ニュース

ディスプレイのぎらつき度合いの測定方法、JISに制定

 JIS(日本産業規格)は、ディスプレイ上のぎらつき現象の測定方法を、「ディスプレイのぎらつき度合の求め方」(規格番号JIS C 1006)として制定した。

ディスプレイのぎらつき度合の測定原理(出典:JIS C 1006:2019、以下同)

 スマートフォンなどのディスプレイには、照明用の光源などが映りこむ現象を低減するため、表面に防げんフィルムを貼り付けるなどの対策を施しているが、フィルム表面の微細な凹凸がディスプレイから出る光を拡散し、画面がぎらついて見える現象を発生させる場合がある。

 ディスプレイのぎらつきは、利用者の目の疲労を引き起こす原因になると言われており、メーカーでも、ぎらつきを抑えるための技術開発が進められている。これまでは、目視などによる主観的な方法で評価が行われており、公平に評価するための指標や測定方法などがなかった。

 JIS C 1006では、ディスプレイのぎらつき度合を示す指標(ぎらつき値、ぎらつきコントラスト)を規定し、その測定方法と求め方について標準化した。

撮影するディスプレイの発光パターン

 測定は測定環境下でディスプレイをカメラで撮影し、撮影した画像から得られたぎらつきパターンと、ぎらつきパターンをもとに作成した階調データから平均値、ぎらつき値、ぎらつきコントラストを算出し評価を行う。

ぎらつきパターン(上)と階調の度数分布例(下)

 視感によるぎらつきが小さいほど、階調が均一となるため、度数分布は細く鋭い形状となり、ぎらつき度合いが小さくなる。一方で、視感によるぎらつきが大きいほど、階調が不均一となり、度数分布の広がりが大きくなり、ぎらつき度合いが大きくなる。

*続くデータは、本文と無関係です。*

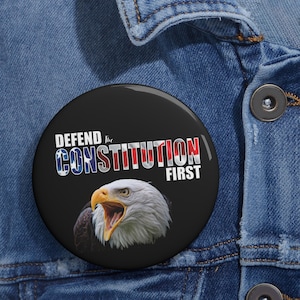Könnte beinhalten: Ein runder, schwarzer Button mit dem Text "DEFEND the CONSTITUTION FIRST" in Weiß, Rot und Blau. Der Button zeigt eine Illustration eines Weißkopfseeadlers. Der Button befindet sich vor einem Jeanshintergrund.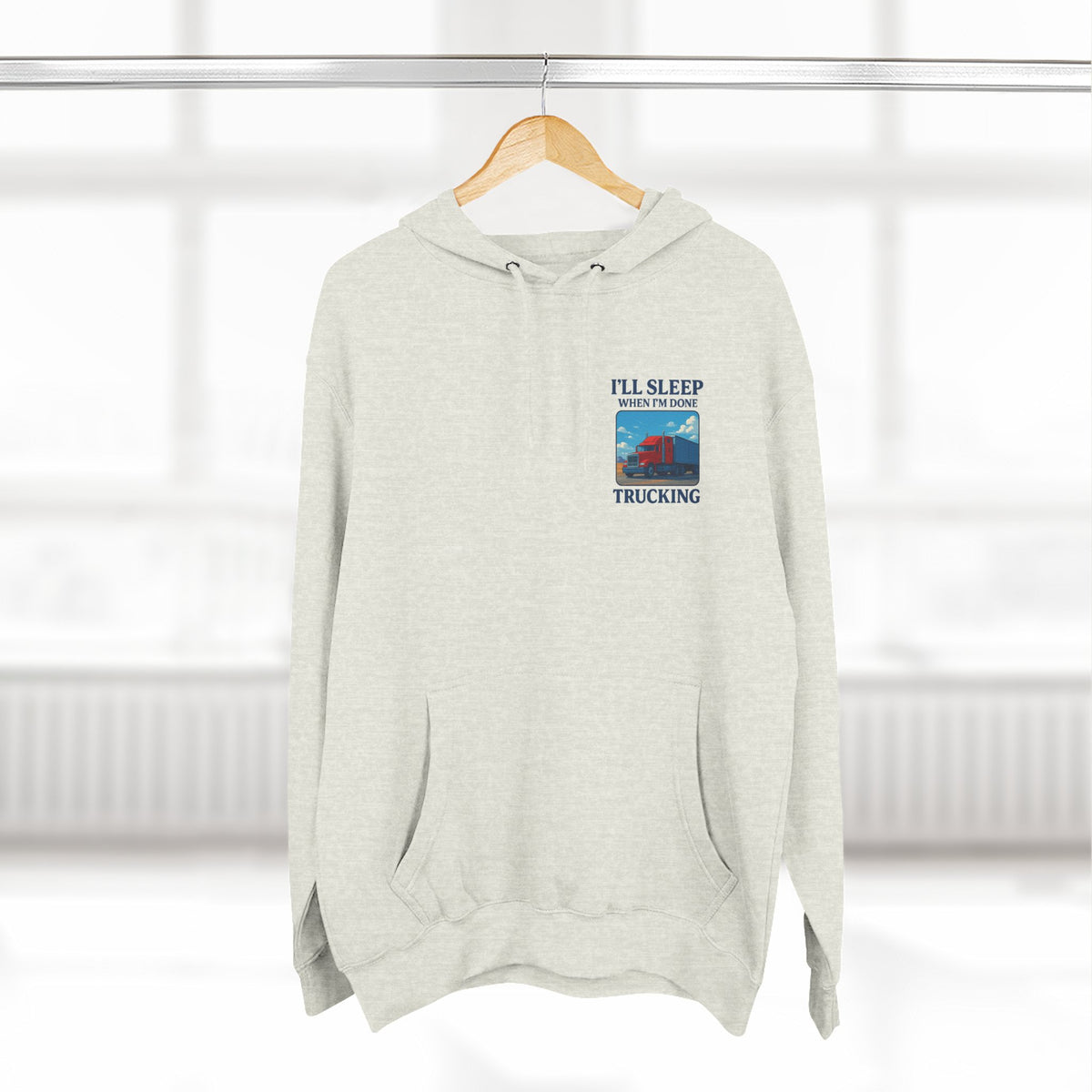 Heather grey Trucker's Fleece Hoodie by Printify featuring the phrase "I'll Sleep When I'm Done" displayed on the front.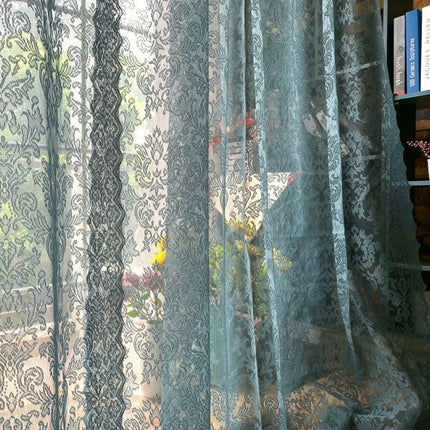 Blå blondegardin med damaskmønster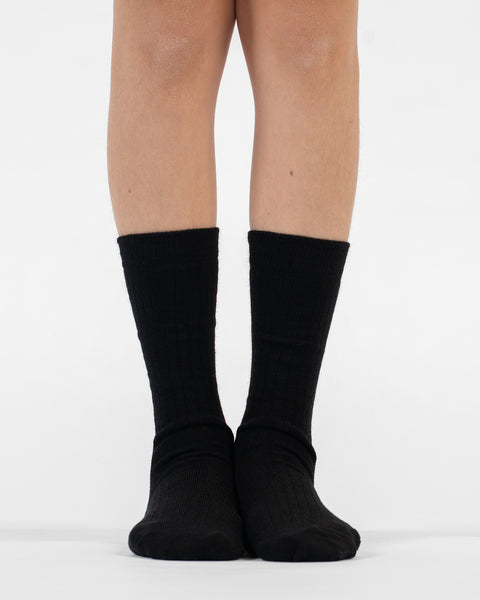 A front view of lower legs standing flat, modeling black ribbed merino crew socks.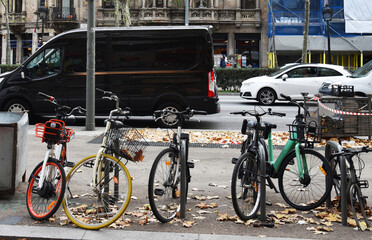 Bicycle parking on city street in Barcelona. City bikes at rental site. Bicycles for rental. Rent bike parked. Cycle station. Сity street, road traffic, cars on road and buildings. Broken bike parking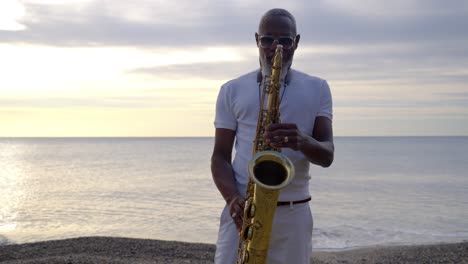 Saxophonist-plays-his-saxophone-on-the-beach-in-Sete,-France,-as-the-sun-sets-over-the-Mediterranean-Sea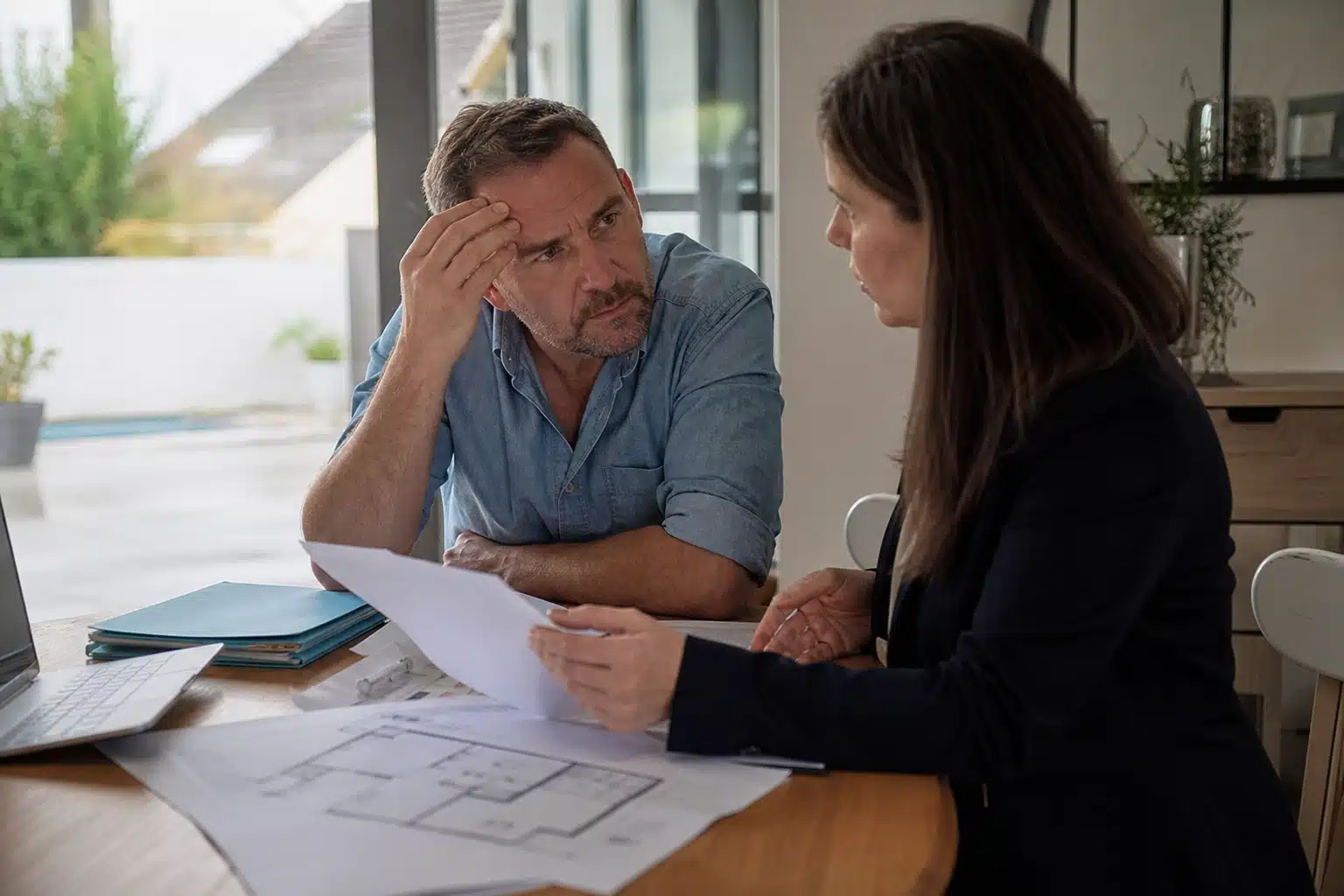 Homme préoccupé et femme examinant des documents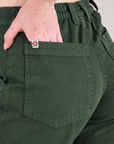 Mid-Rise Work Pants in Swamp Green close up of Margaret's hand tucked into back pocket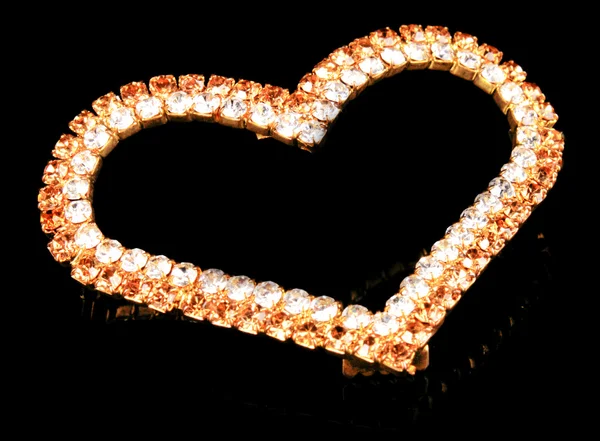 Precious heart-shaped pendant on black background — Stock fotografie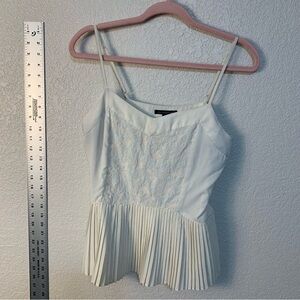 Elegant cream white Pleated bottom with embroidered front Women's Top,shirt.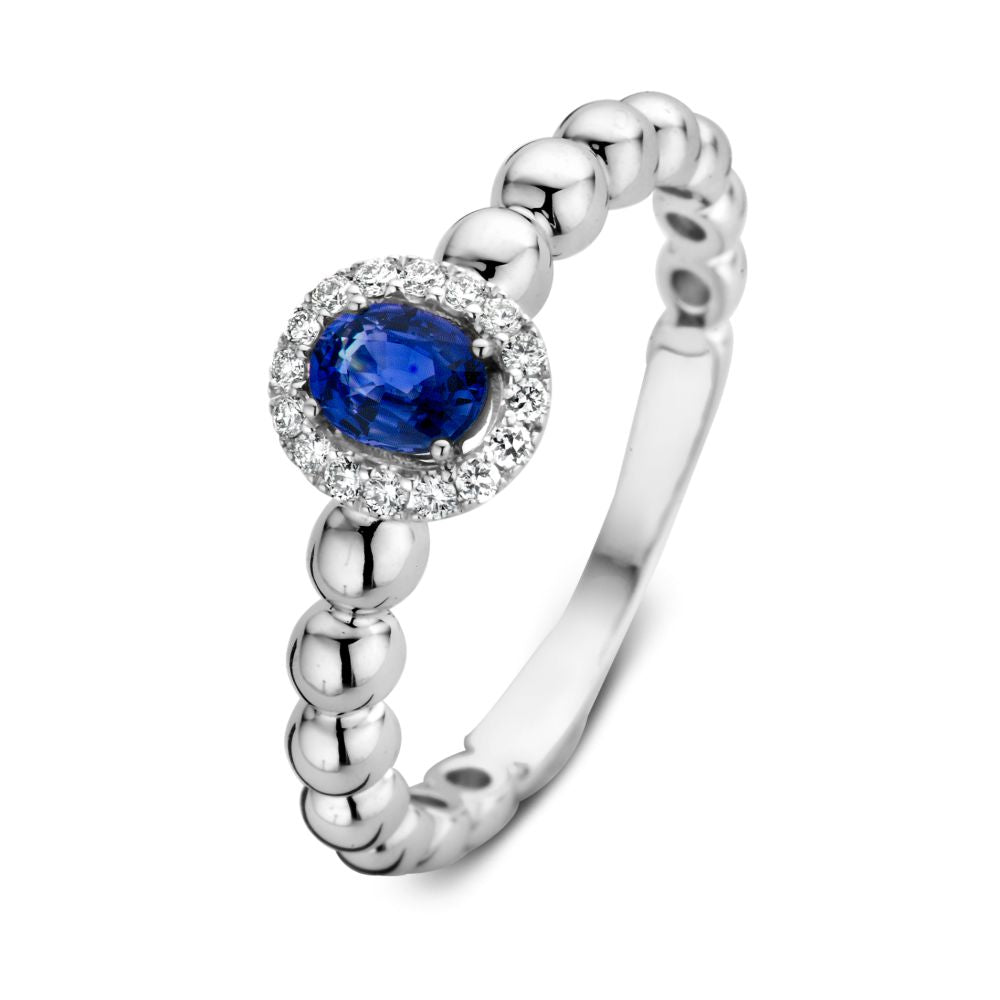 Bague en or blanc 14 carats avec saphir bleu et diamants de 0,14 carat, design à perles.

 ディスプレイのぎらつき性能を適正に評価できるようになったことで、メーカー間での客観的な評価が可能になった。また、製品品質の把握、製品比較の公正化を図るとともに、取引の円滑化の促進、国内メーカーの国際市場競争力の向上も期待される。

液晶ディスプレイにおける測定例

 2019年12月のJIS公示では、JIS C 1006のほか、商品管理に使われるRFIDマーク(JIS X 6352)など、4件のJIS規格制定が行われ、21件の改正が行われた。